| RECORD EXTRACTS |
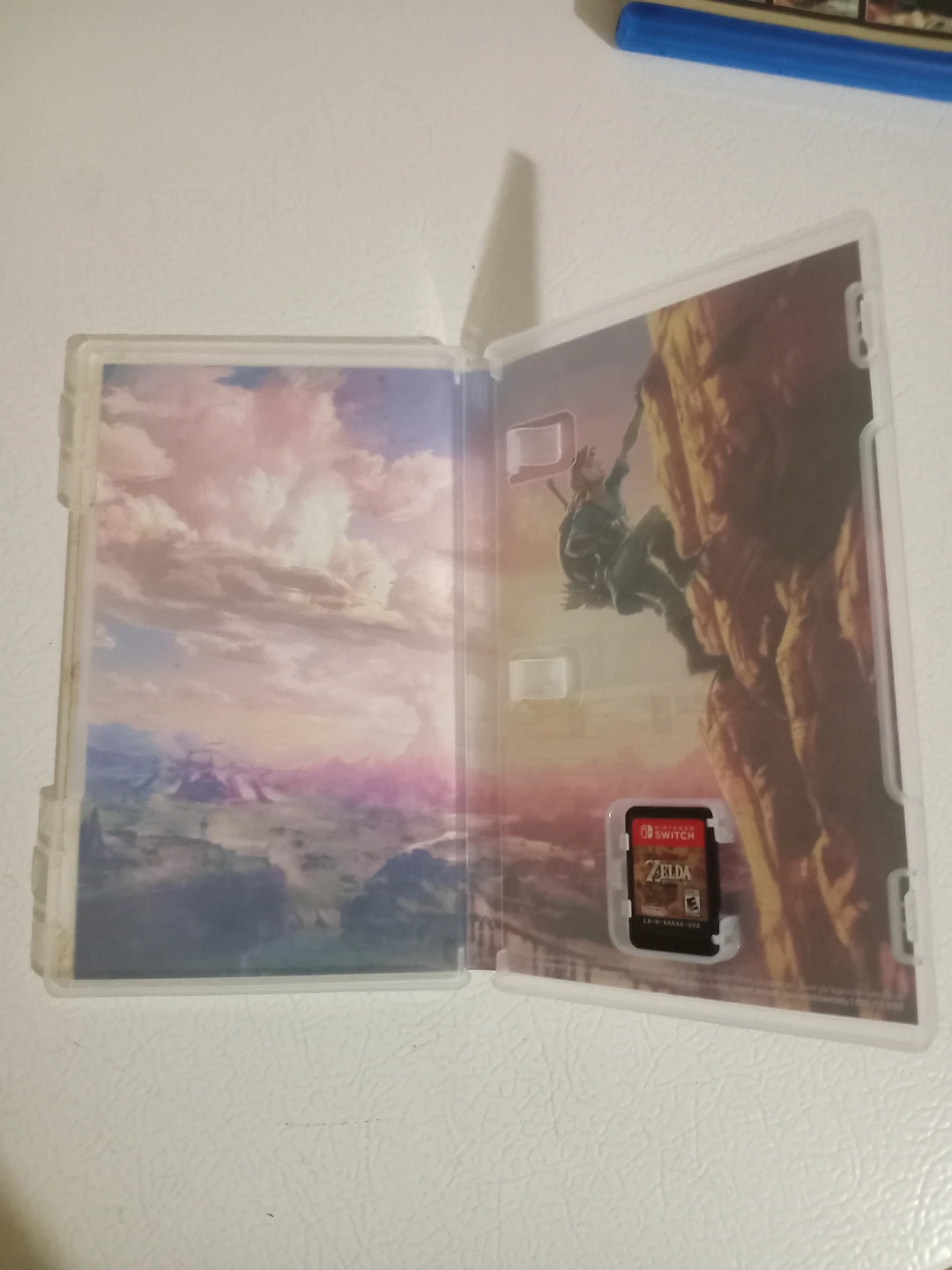 The Legend of Zelda: Breath of the Wild Nintendo Switch Game - photo 2
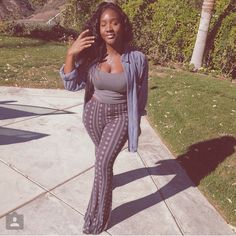 Outfit For Black Women, Casual Date Outfit, Tiktok Content, Black Queens, Date Outfit, Black Everything, All Black Everything, Casual Date, Flared Pants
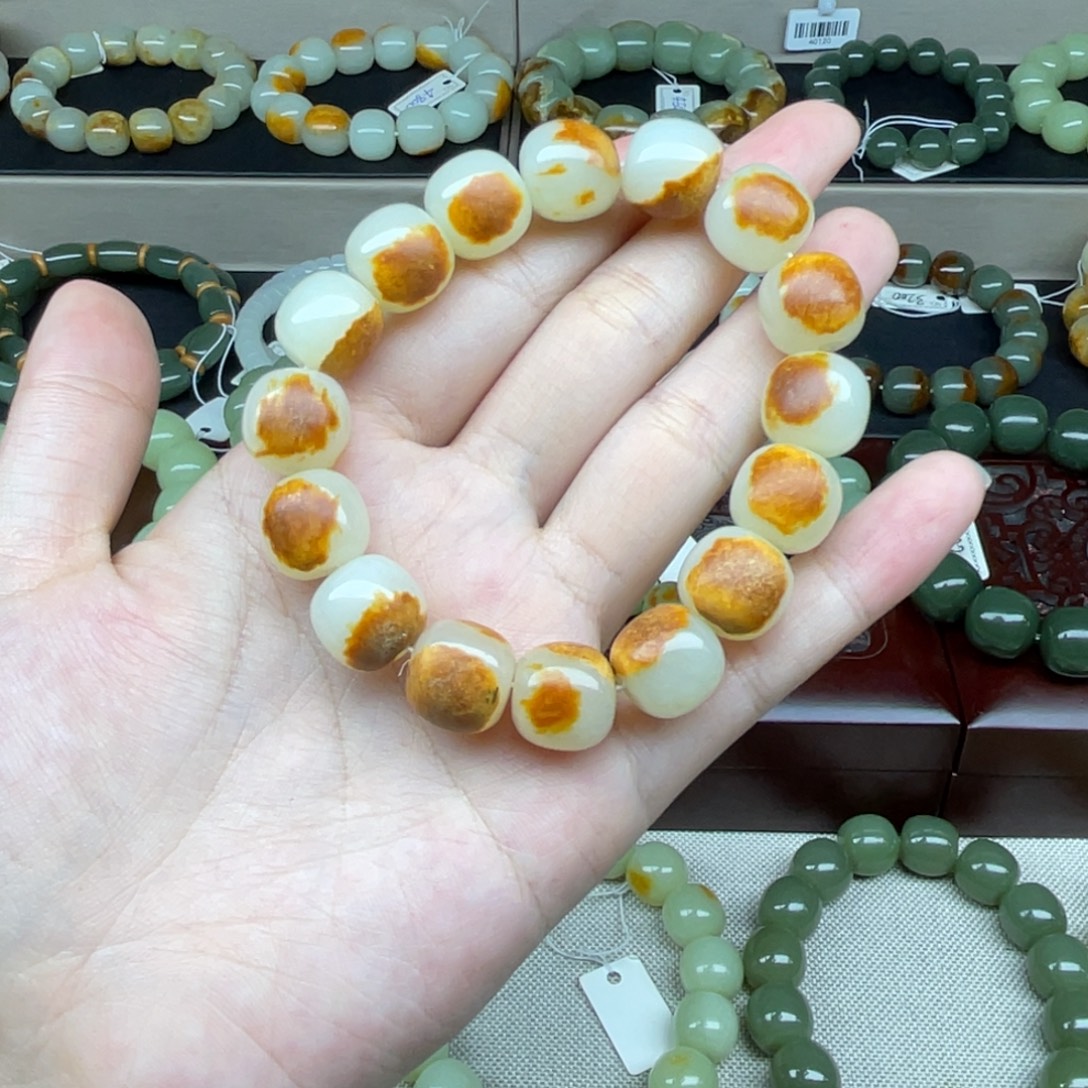 和田玉（糖玉）未镶嵌手链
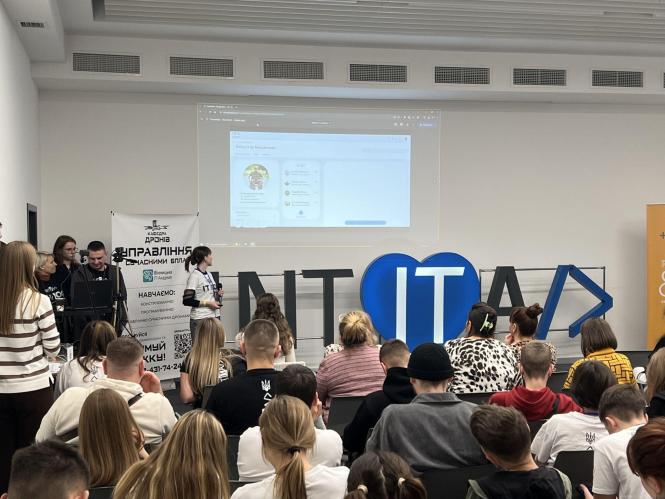 Новини Тернополя - фото з «Це крута можливість навчатись і працювати в ІТ-індустрії». У Вінниці пройшов Хакатон для молоді (новини компаній)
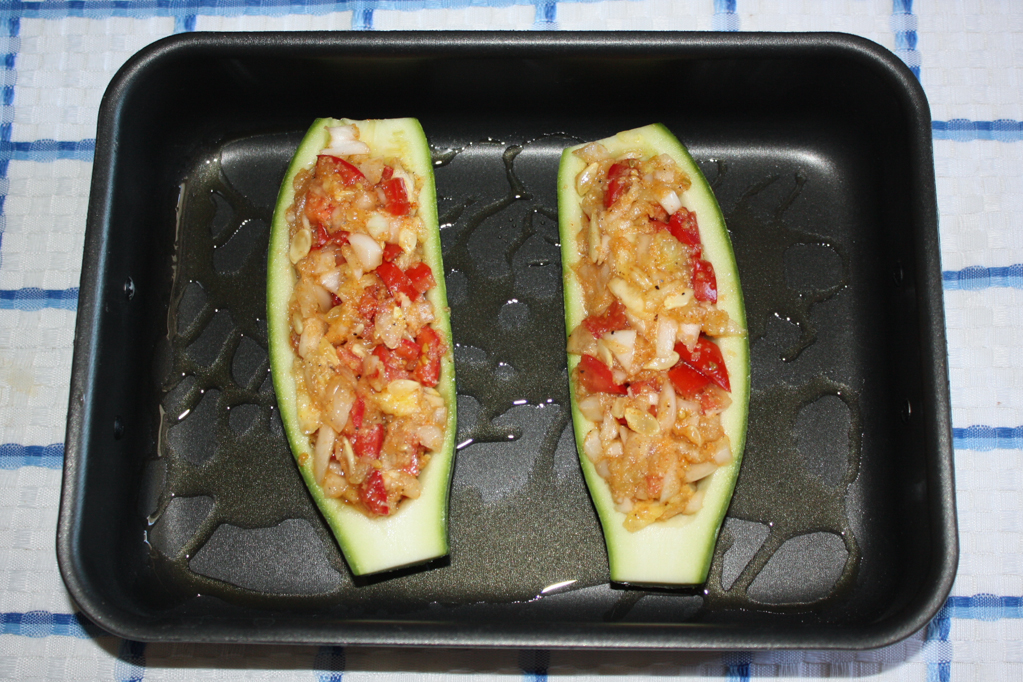 barchette di zucchine ripiene - riempire le barchette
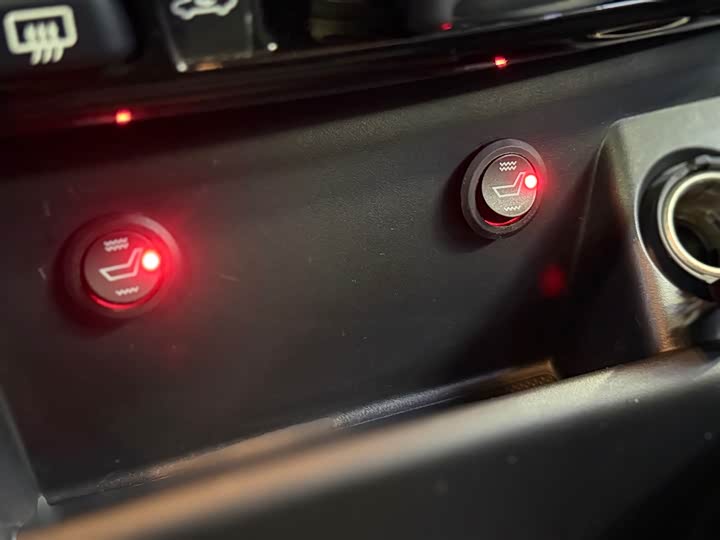 Фото 9 - Toyota Yaris L Hatchback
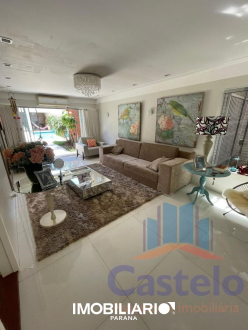 Residência para  Venda em Umuarama pela Castelo Assessoria Imobiliária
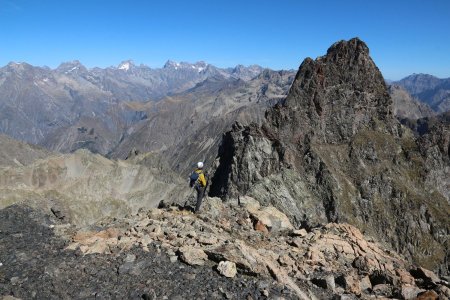 On reste sans voix devant ce Pic de Colle Blanche sur fond des géants des Écrins...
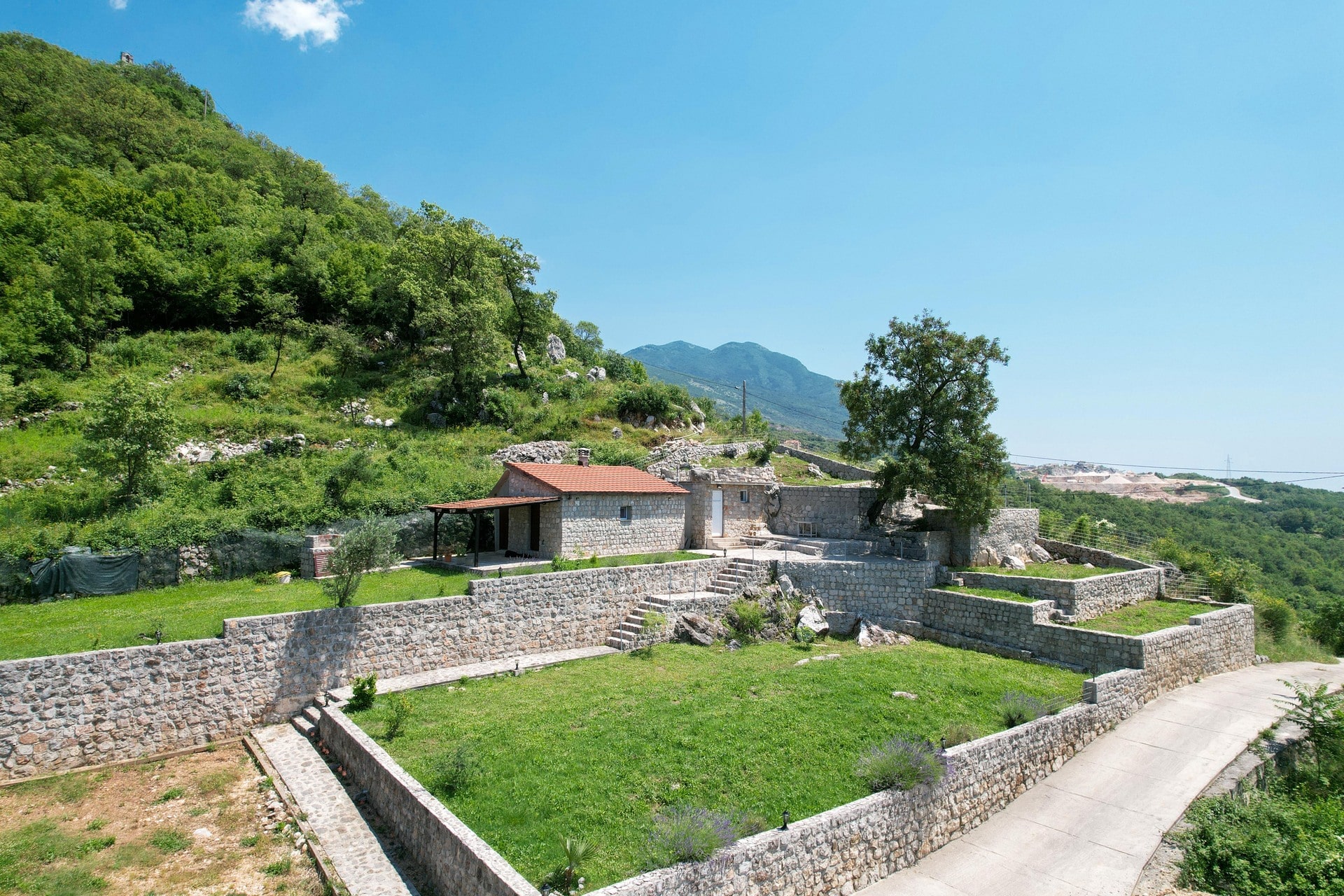 Котор, Належичи — благоустроенная каскадная земля с видом на море и двумя каменными зданиями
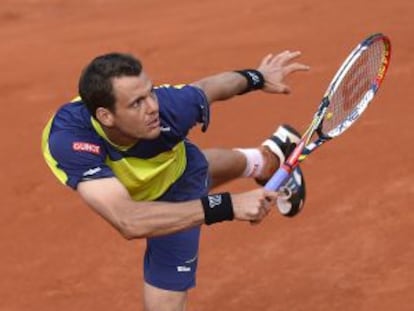 Isner devuelve una pelota ante Mathieu.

| PROBLEM DETAILS |
Set down exactly, with no additions, each line from the line that includes "Фото 9 - Toyota Yaris L Hatchback" to the final line of the entries above; leave pictures out.

| PROBLEM SOLUTION |
 Фото 9 - Toyota Yaris L Hatchback
 Residência para  Venda em Umuarama pela Castelo Assessoria Imobiliária
 On reste sans voix devant ce Pic de Colle Blanche sur fond des géants des Écrins...
 Котор, Належичи — благоустроенная каскадная земля с видом на море и двумя каменными зданиями
 Isner devuelve una pelota ante Mathieu.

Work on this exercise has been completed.